• SOURCE RECORDS
----
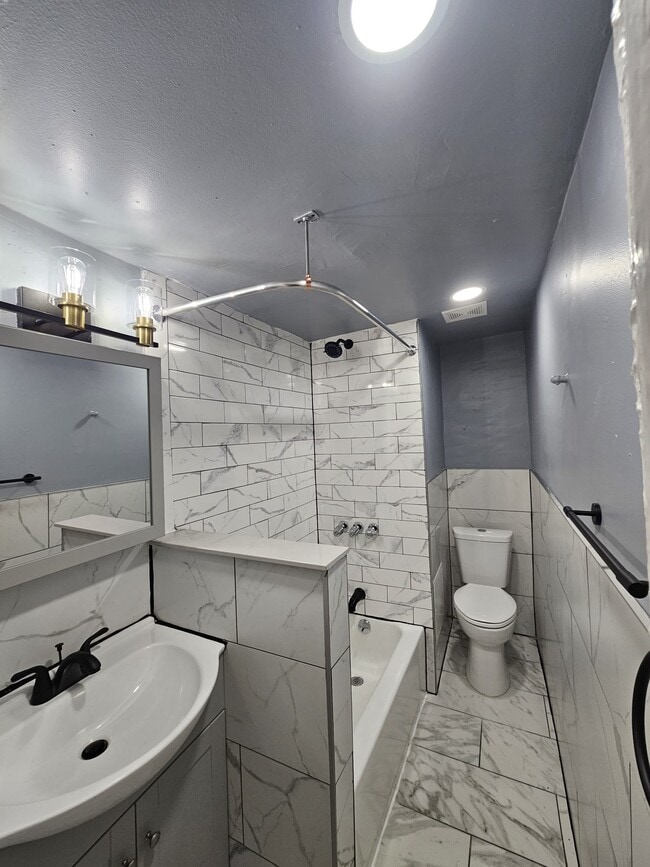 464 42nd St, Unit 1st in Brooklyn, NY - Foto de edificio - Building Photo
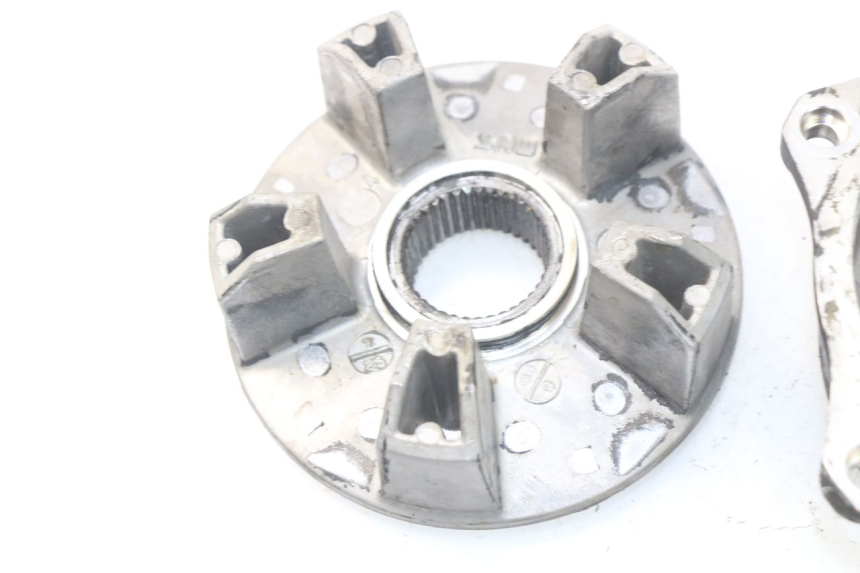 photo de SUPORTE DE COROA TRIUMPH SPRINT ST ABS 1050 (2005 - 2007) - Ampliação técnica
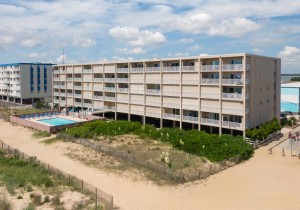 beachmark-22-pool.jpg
----
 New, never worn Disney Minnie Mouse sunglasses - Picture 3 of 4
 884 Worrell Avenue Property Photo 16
----
• PROBLEM DETAILS
Excluding any pictures, print exactly the lines of the listing above from the line with "464 42nd St, Unit" to the line with "beachmark-22-pool.jpg", both ends included.

• SOLVED EXERCISE
 464 42nd St, Unit 1st in Brooklyn, NY - Foto de edificio - Building Photo
 photo de SUPORTE DE COROA TRIUMPH SPRINT ST ABS 1050 (2005 - 2007) - Ampliação técnica
 beachmark-22-pool.jpg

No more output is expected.